15 Feb, 21 ·
6 min read

“Then beginning with Moses and with all the Prophets, He explained to them the things written about Himself in all the Scriptures. … They said to each other, “Did not our hearts burn within us while He talked to us on the road, while He opened to us the Scriptures?”

luke 24:27, 32

Every time a person responds to the truth of the Bible, a miracle has occurred. It takes supernatural insight to grasp the profound significance of the simple facts of the Gospel message. Why would any rational person believe that the death and resurrection of one man in 30 AD somehow provides the only way for all people to be forgiven of all their sin and live eternally in Heaven in perfect harmony with the God of the universe? (cf. John 3:16; Rom. 6:23)
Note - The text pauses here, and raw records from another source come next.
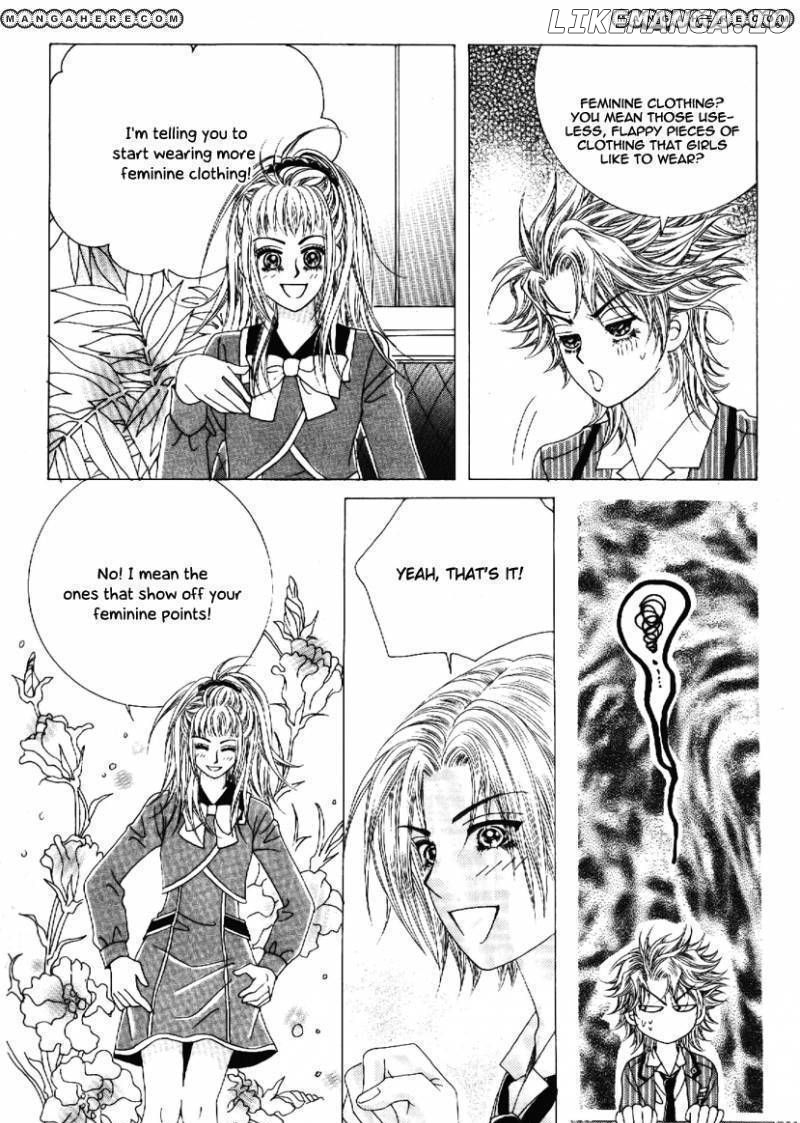 Boy of the Female Wolf chapter 65 - page 22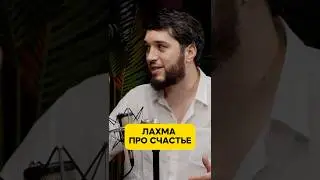 ЛАХМА ПРО СЧАСТЬЕ #hustleshow #адамзуба #лахма #интервью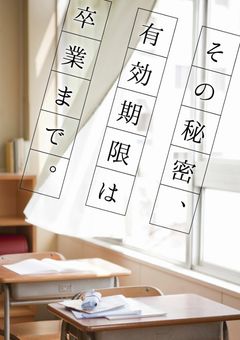 その秘密、有効期限は卒業まで。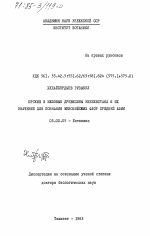 Юрские и меловые древесины Узбекистана и их значение для познания мезозойских флор Средней Азии - тема диссертации по биологии, скачайте бесплатно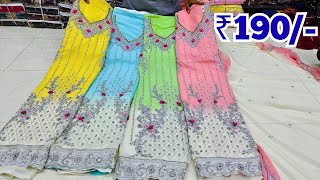 Hyderabad Wholesale Dress Materials ₹190 Pakistani Fancy Work Suits [upl. by Nove]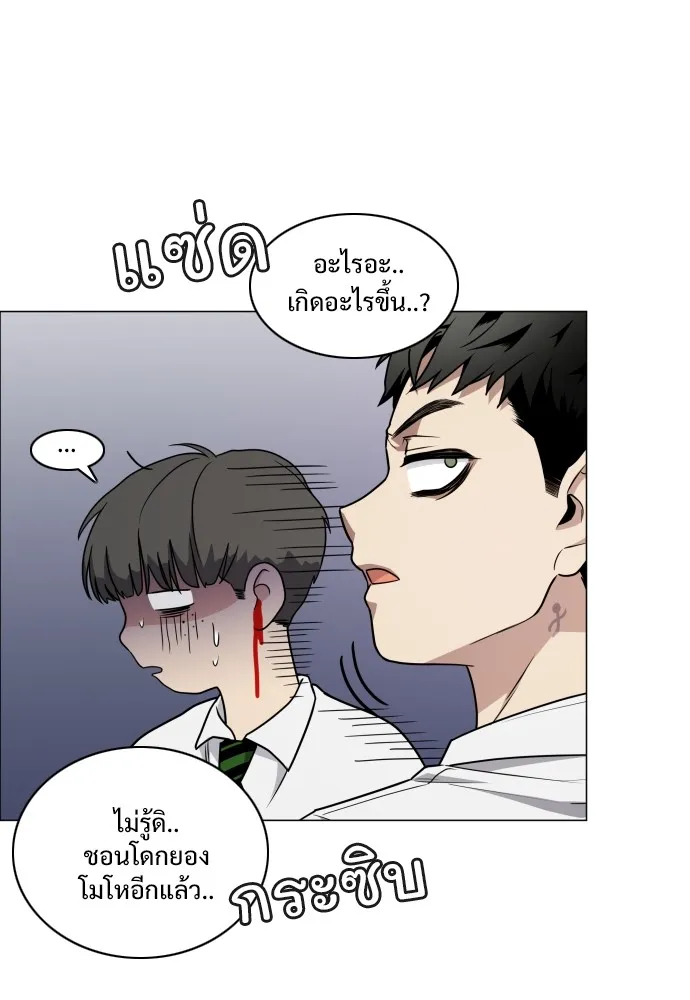 JAKDU ตอนที่ 21 รูปที่ 100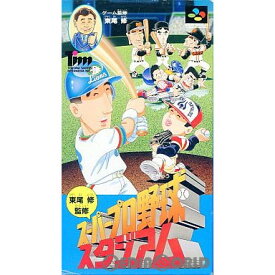 楽天市場 東尾修監修 スーパープロ野球スタジアムの通販
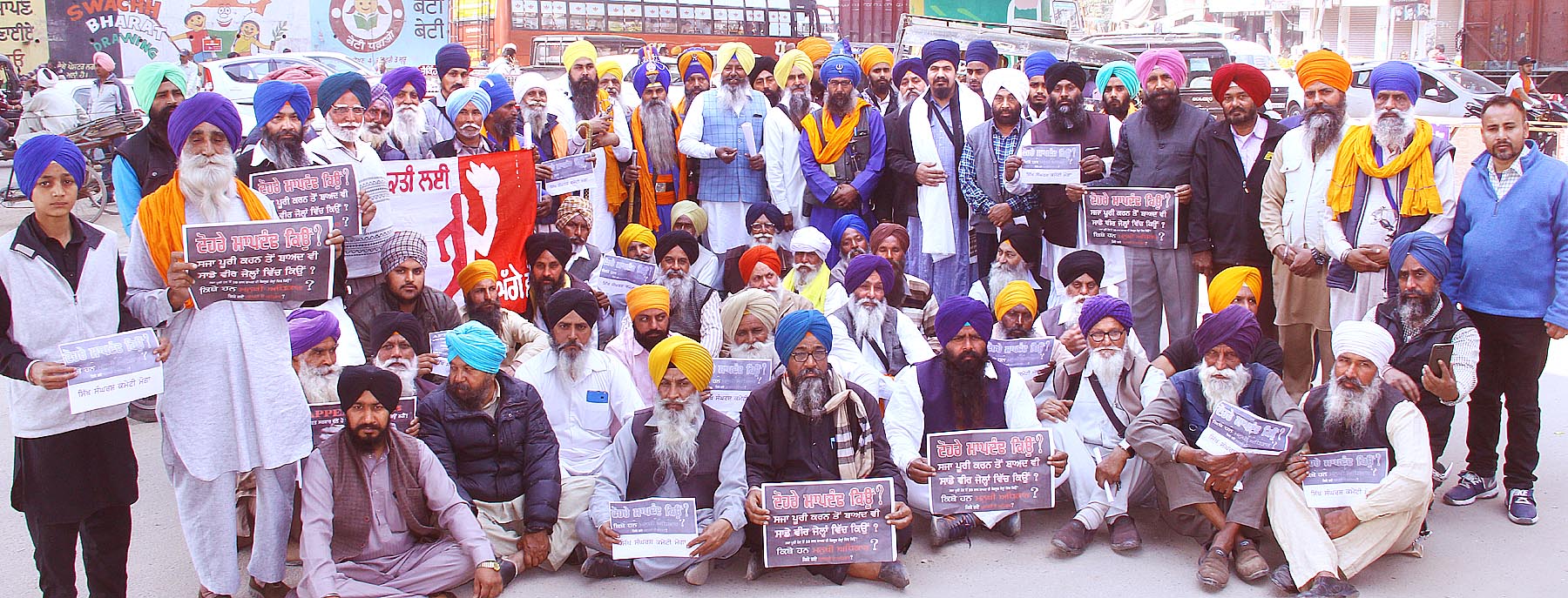 ਵੱਖ-ਵੱਖ ਜਥੇਬੰਦੀਆਂ ਵਲੋਂ ਮੋਗਾ ਦੇ ਮੁੱਖ ਚੌਂਕ ’ਚ ਕੀਤਾ ਸ਼ਾਂਤਮਈ ਰੋਸ ਪ੍ਰਦਰਸ਼ਨ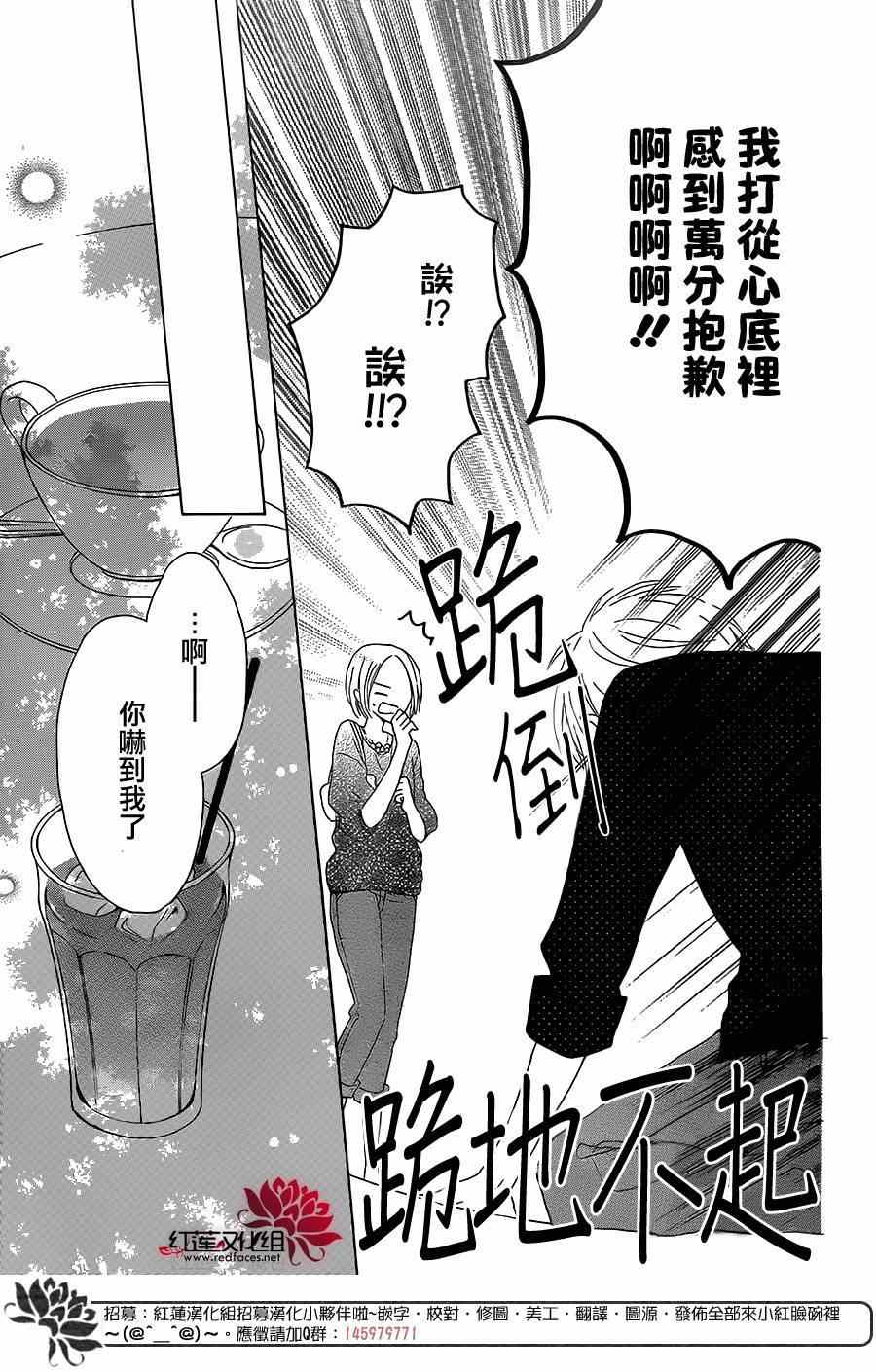 《LAST GAME》漫画 034集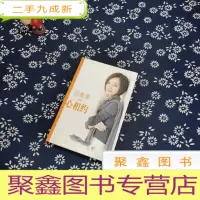 正 九成新心相约
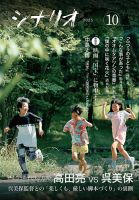 月刊シナリオ34冊　2004年5月号〜2007年10月号（抜け刊あり）　映画脚本 月刊シナリオ34冊2004年5月号〜2007年10月号（抜け刊あり）映画脚本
On the face of it, it seems to beggar belief. Yet, it’s this unique belief in Jesus, and only this belief, that saves us from eternal separation from God (cf. John 14:6).

The son of Christian missionaries, I grew up believing in the God of the Bible. I literally cannot remember a time when I ever doubted the existence of God. Three to four times a week I heard excellent expositional teaching from the Bible. I knew all the Sunday School stories. I was even teaching those same stories to others by the time I was 15 years old.

But that’s all they were to me – stories. I did not see the Bible as God’s personal message to me. Not until the Summer of 1978.

As was the practice of our High School Youth Group, every Summer we spent a week at Church Camp with teenagers from other Baptist churches from around the state. It was the highlight of my summers growing up. It provided the opportunity to get out from under the watchful eyes of my parents, hang-out with my friends, engage in a wide variety of fun outdoor activities and flirt with cute girls. What else could a 16 year old boy want?

God knew I needed a lot more. At the top of the list was a deeper appreciation for Him through a greater understanding of His Word. God finally broke through my self-absorbed thick head during one of the morning Bible talks early in the week.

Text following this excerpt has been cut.